Work order -> Only one portion of the data is to be written out: from the line bearing "Black Friday Steampunk" through the line bearing "Laguna Sand /". Write it exactly as it appears.

Data to use ->

<<<<

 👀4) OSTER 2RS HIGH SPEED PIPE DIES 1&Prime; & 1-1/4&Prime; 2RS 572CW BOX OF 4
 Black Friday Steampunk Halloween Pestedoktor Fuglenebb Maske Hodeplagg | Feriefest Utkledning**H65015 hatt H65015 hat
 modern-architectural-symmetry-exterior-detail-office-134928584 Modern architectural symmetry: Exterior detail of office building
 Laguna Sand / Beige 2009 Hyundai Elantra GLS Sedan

>>>>
<<<<

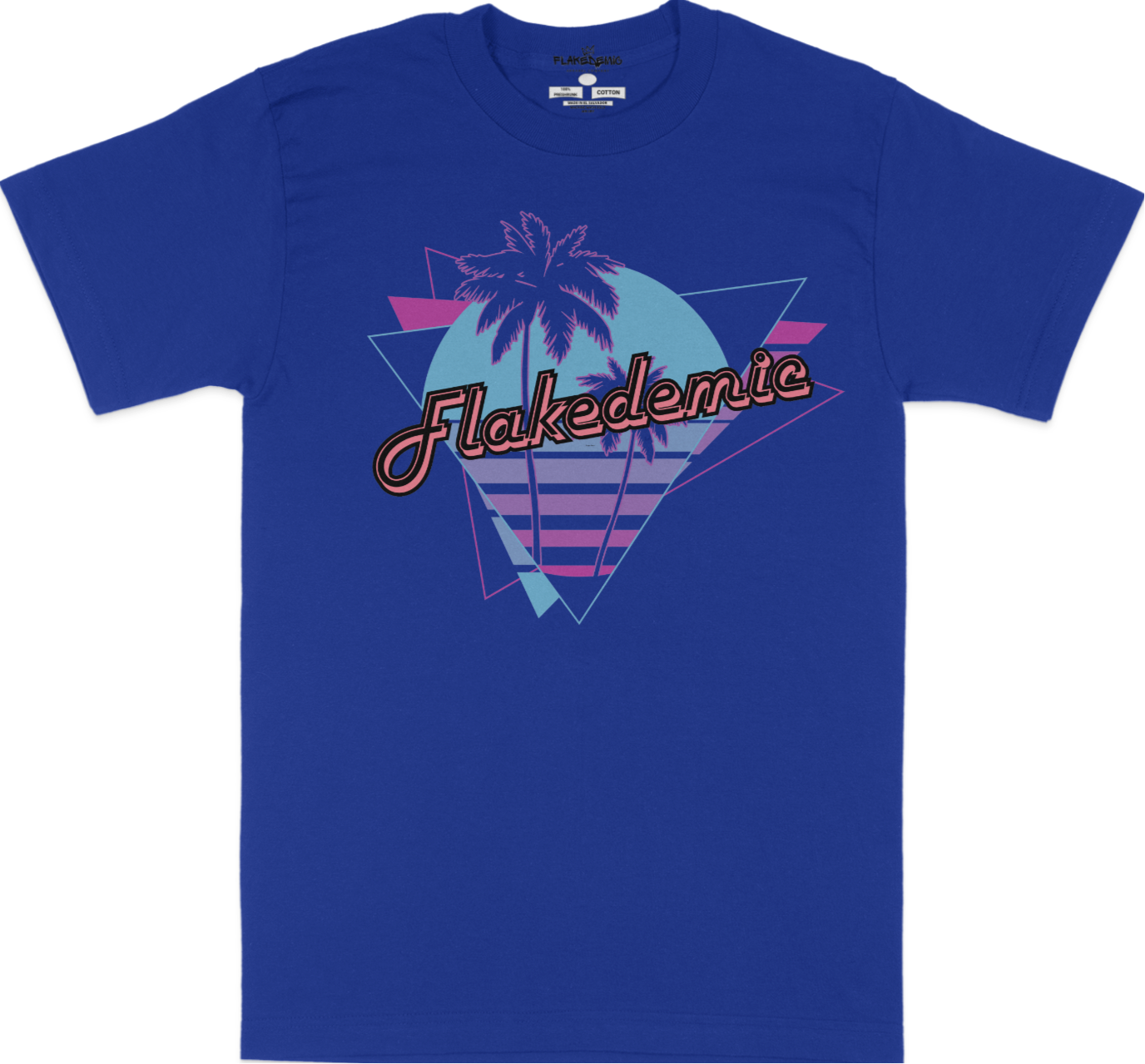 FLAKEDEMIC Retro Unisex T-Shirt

>>>>

The answer ->
 Black Friday Steampunk Halloween Pestedoktor Fuglenebb Maske Hodeplagg | Feriefest Utkledning**H65015 hatt H65015 hat
 modern-architectural-symmetry-exterior-detail-office-134928584 Modern architectural symmetry: Exterior detail of office building
 Laguna Sand / Beige 2009 Hyundai Elantra GLS Sedan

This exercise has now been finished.